## INSTRUCTIONS TO FOLLOW
What needs reproducing is the run of lines in the data below starting at the line with "Homemade Irish Coffee" and ending at the line with "Etui 6 demi", both ends included. Copy it exactly, without pictures, and add nothing.

## EXTRACTED DATA

• • •

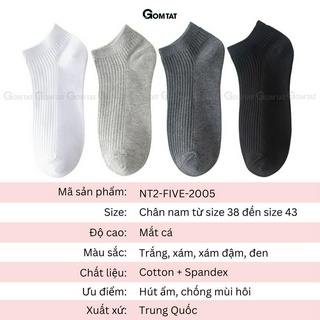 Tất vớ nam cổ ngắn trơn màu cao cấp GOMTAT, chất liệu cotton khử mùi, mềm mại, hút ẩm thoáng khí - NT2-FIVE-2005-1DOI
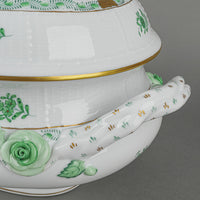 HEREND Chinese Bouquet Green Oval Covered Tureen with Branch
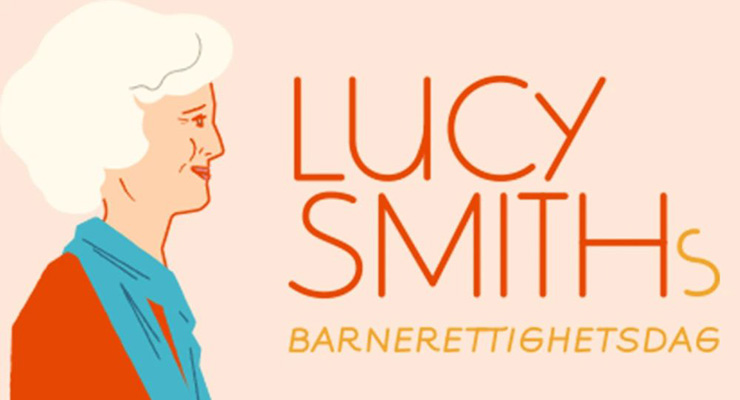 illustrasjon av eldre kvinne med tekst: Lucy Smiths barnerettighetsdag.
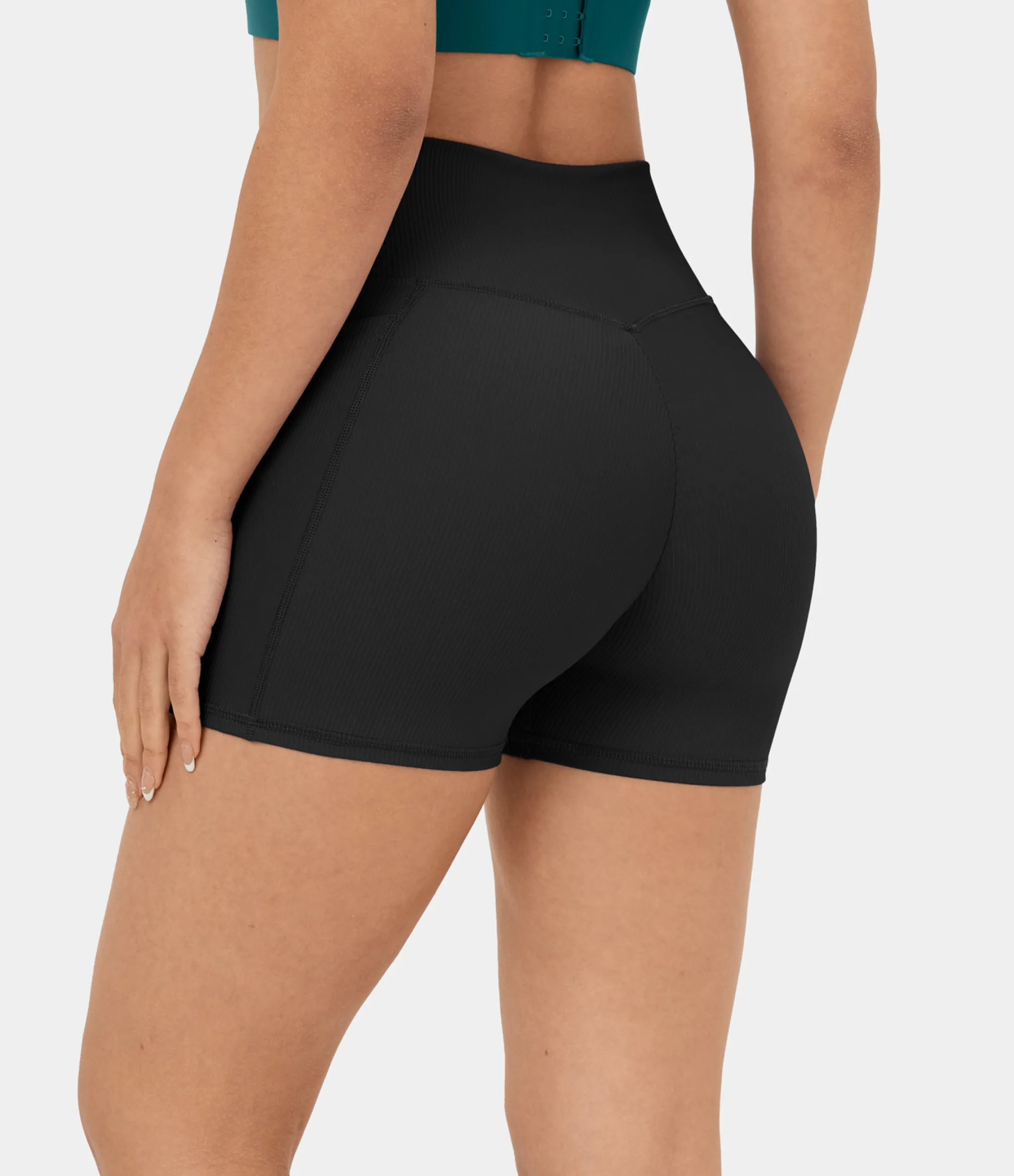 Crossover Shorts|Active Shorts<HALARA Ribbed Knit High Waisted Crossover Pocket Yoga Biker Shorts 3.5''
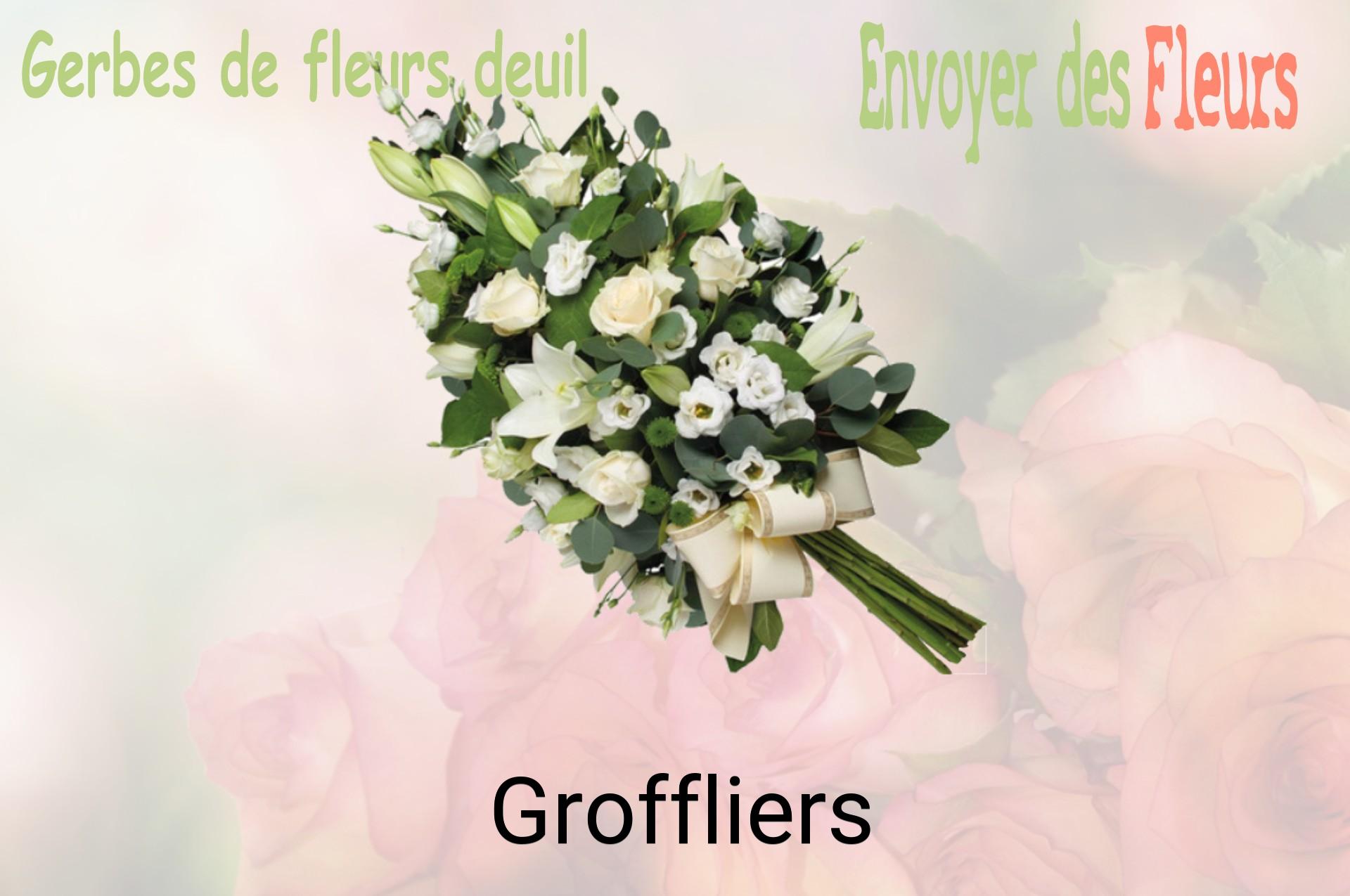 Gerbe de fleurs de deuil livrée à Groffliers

• • •

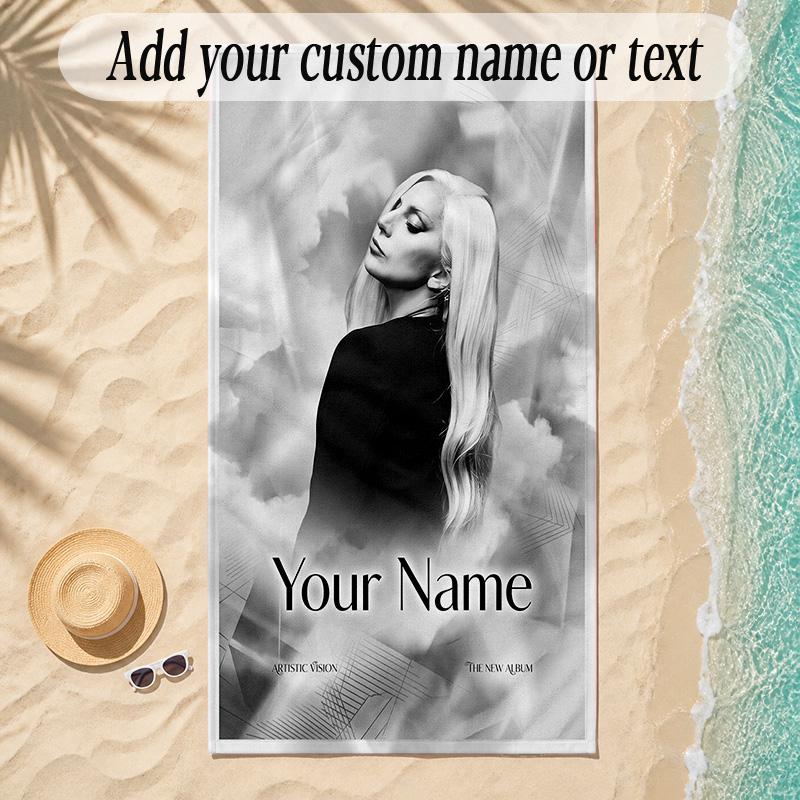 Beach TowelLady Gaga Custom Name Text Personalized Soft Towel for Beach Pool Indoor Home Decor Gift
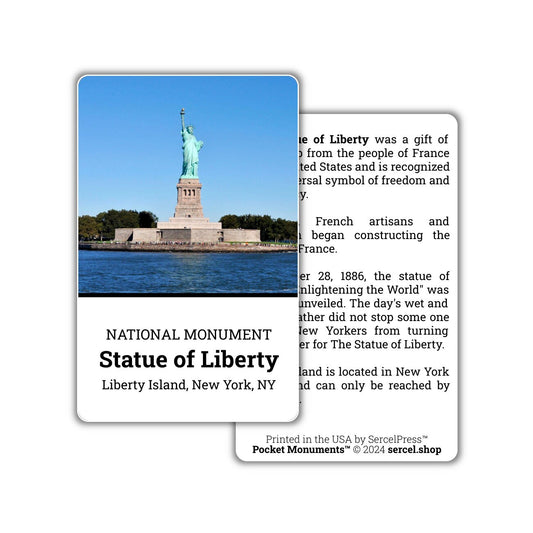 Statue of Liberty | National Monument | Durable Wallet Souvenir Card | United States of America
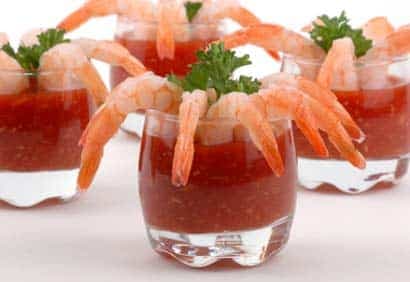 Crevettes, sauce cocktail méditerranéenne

• • •

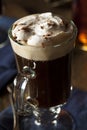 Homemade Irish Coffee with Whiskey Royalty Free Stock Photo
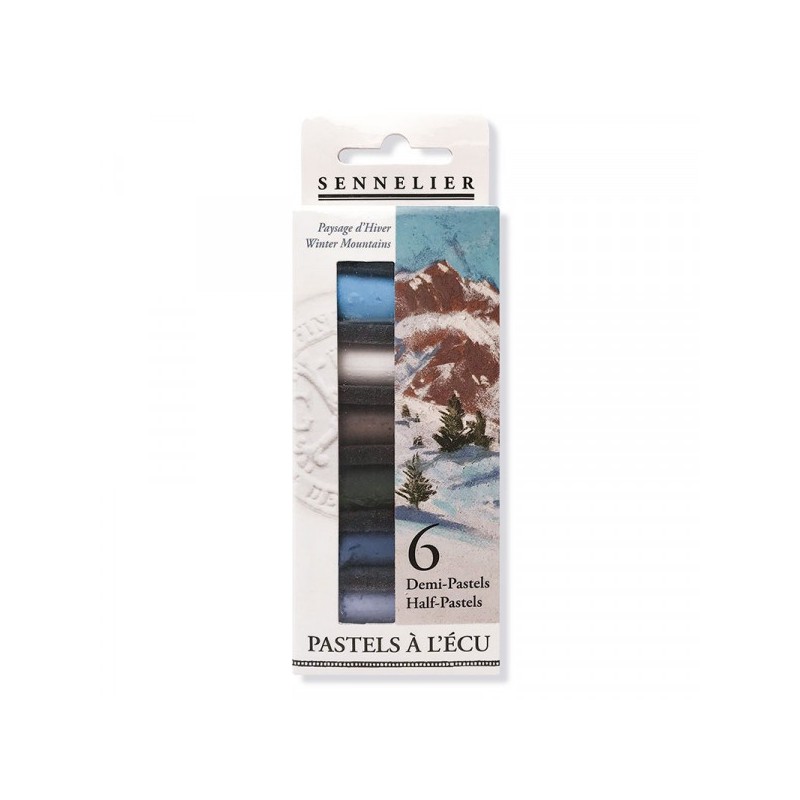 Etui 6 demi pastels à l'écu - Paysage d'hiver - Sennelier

• • •

## SOLUTION
 Homemade Irish Coffee with Whiskey Royalty Free Stock Photo
 Etui 6 demi pastels à l'écu - Paysage d'hiver - Sennelier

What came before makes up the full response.